Dataset entries:
- Opening Delimiter -
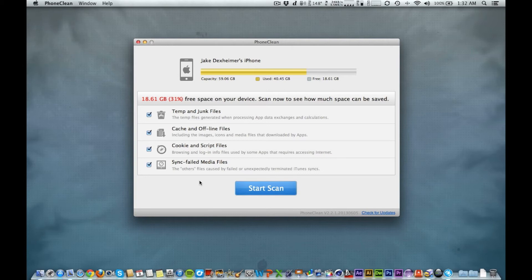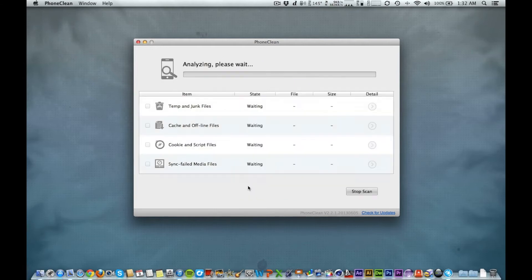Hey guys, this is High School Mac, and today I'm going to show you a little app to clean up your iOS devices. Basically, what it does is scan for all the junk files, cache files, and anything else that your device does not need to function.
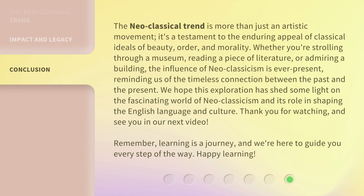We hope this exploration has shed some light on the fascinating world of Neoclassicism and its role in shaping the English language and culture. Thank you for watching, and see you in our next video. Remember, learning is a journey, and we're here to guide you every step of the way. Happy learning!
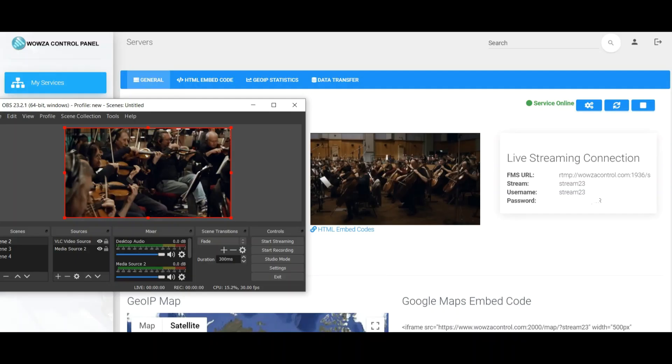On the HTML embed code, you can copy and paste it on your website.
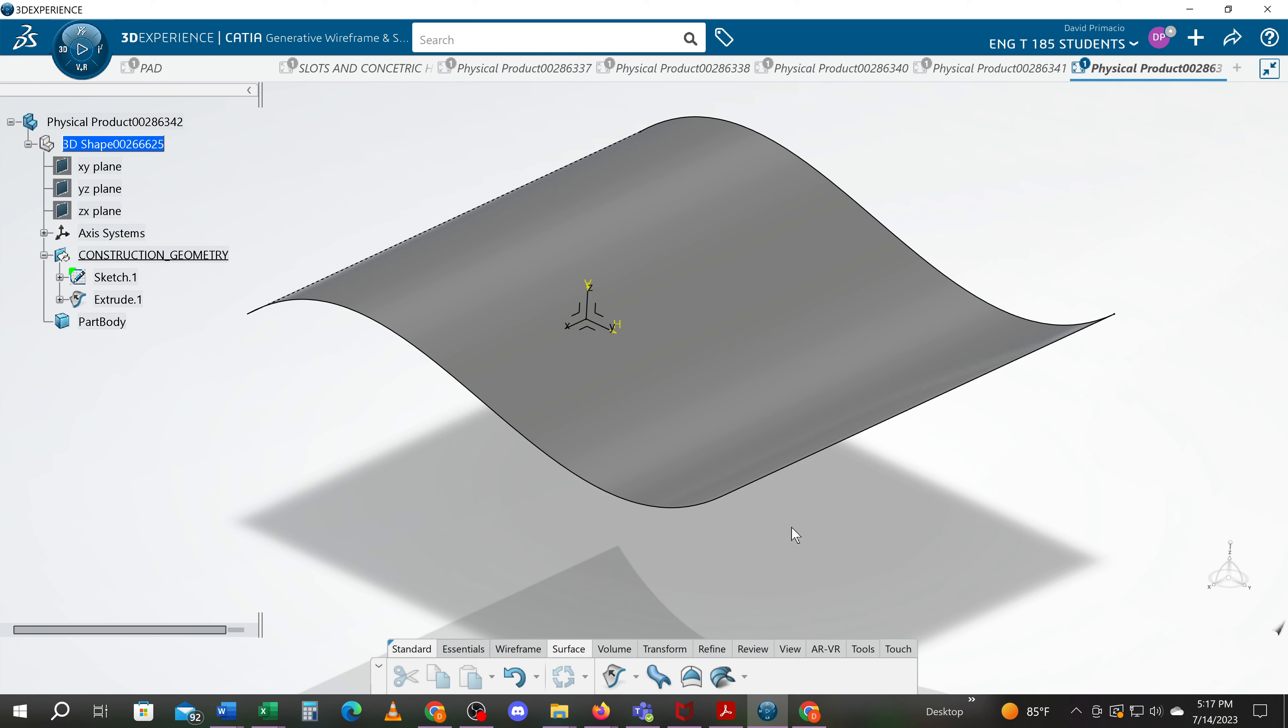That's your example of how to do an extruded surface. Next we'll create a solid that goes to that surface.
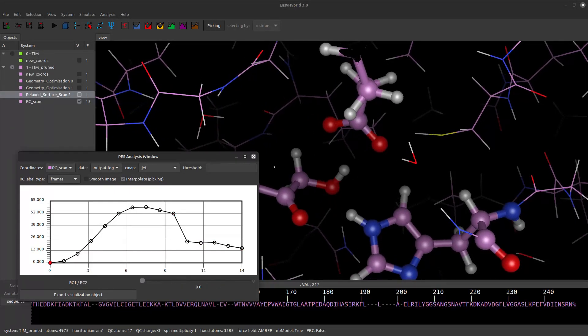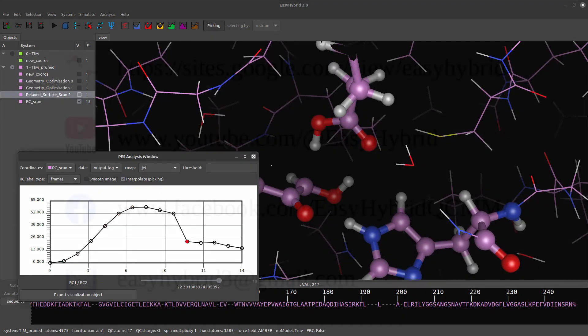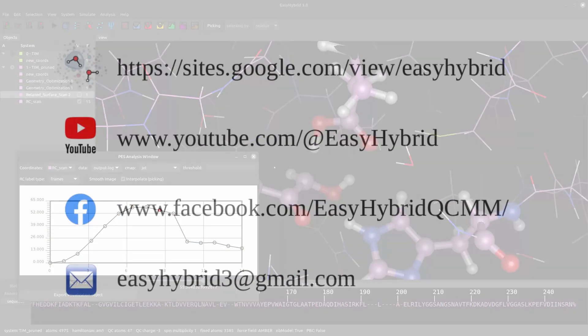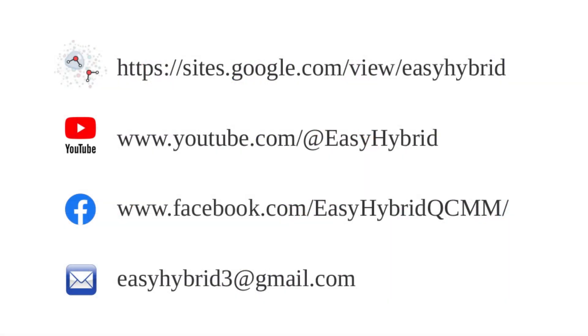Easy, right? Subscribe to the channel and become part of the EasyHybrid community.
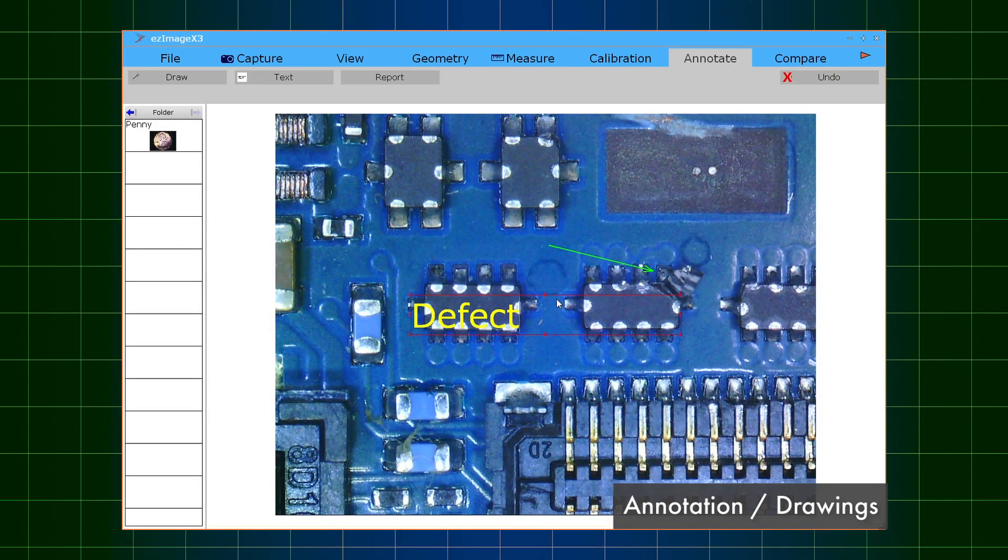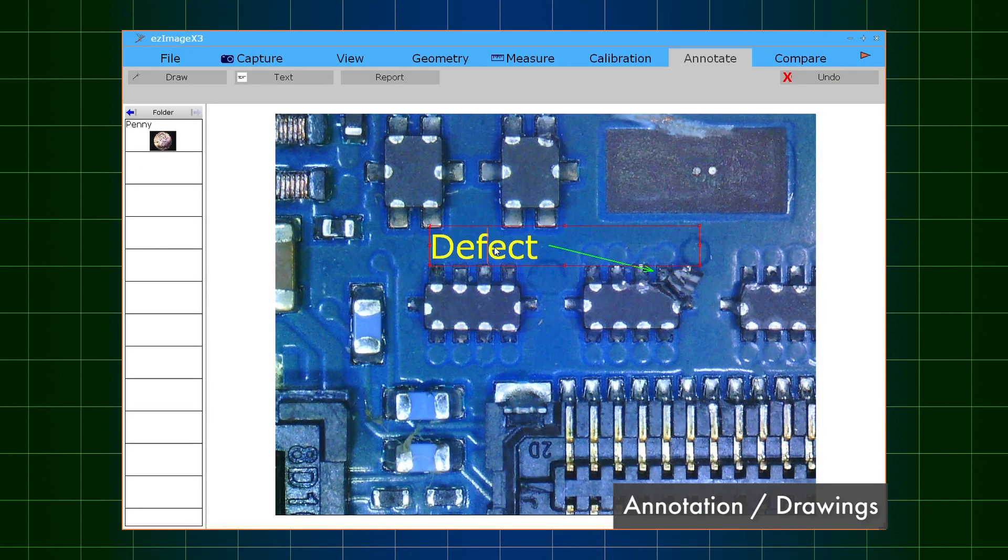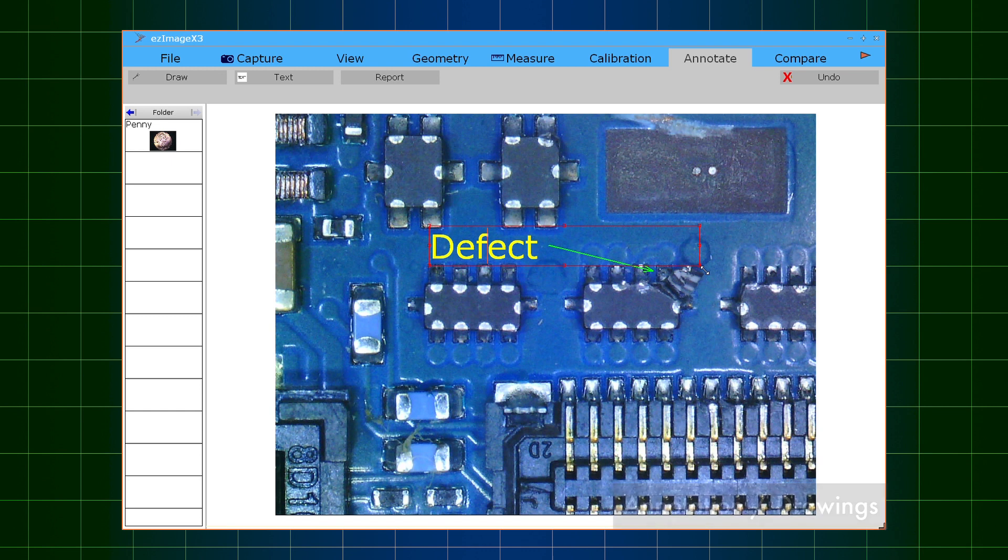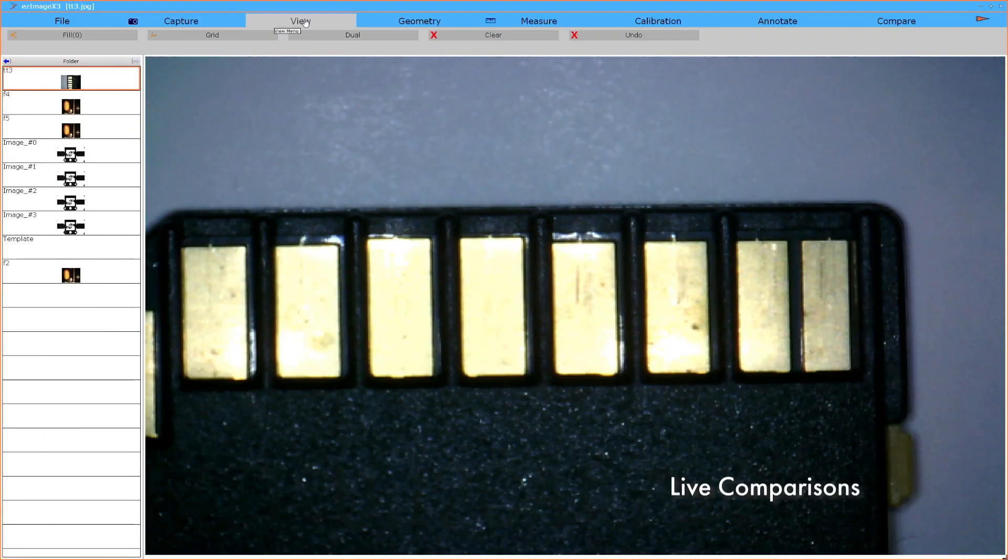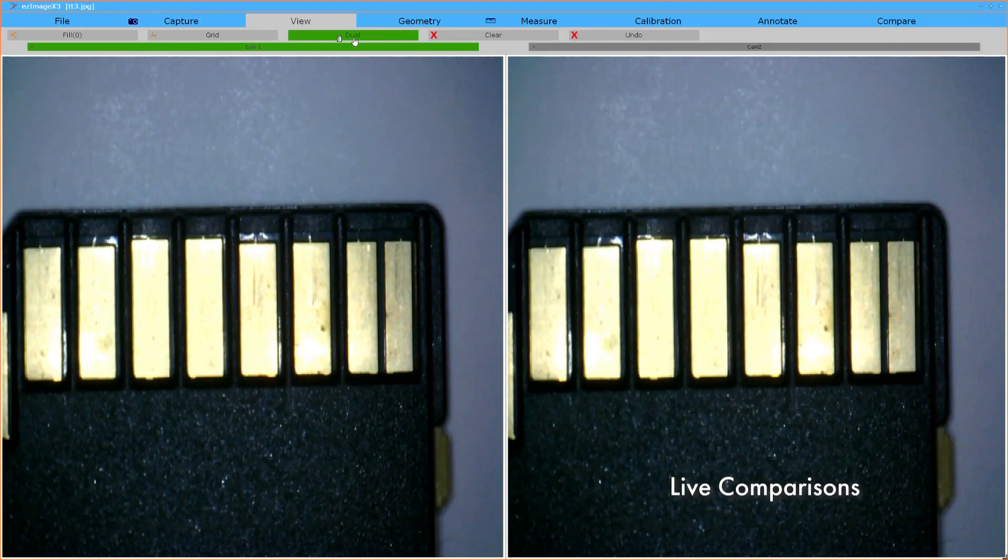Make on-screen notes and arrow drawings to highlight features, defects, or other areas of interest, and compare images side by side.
- Closing Delimiter -
A verbatim copy of every entry above, with no pictures, is the expected output.

- [Finished exercise]
Hey guys, this is High School Mac, and today I'm going to show you a little app to clean up your iOS devices. Basically, what it does is scan for all the junk files, cache files, and anything else that your device does not need to function.
We hope this exploration has shed some light on the fascinating world of Neoclassicism and its role in shaping the English language and culture. Thank you for watching, and see you in our next video. Remember, learning is a journey, and we're here to guide you every step of the way. Happy learning!
On the HTML embed code, you can copy and paste it on your website.
That's your example of how to do an extruded surface. Next we'll create a solid that goes to that surface.
Easy, right? Subscribe to the channel and become part of the EasyHybrid community.
Make on-screen notes and arrow drawings to highlight features, defects, or other areas of interest, and compare images side by side.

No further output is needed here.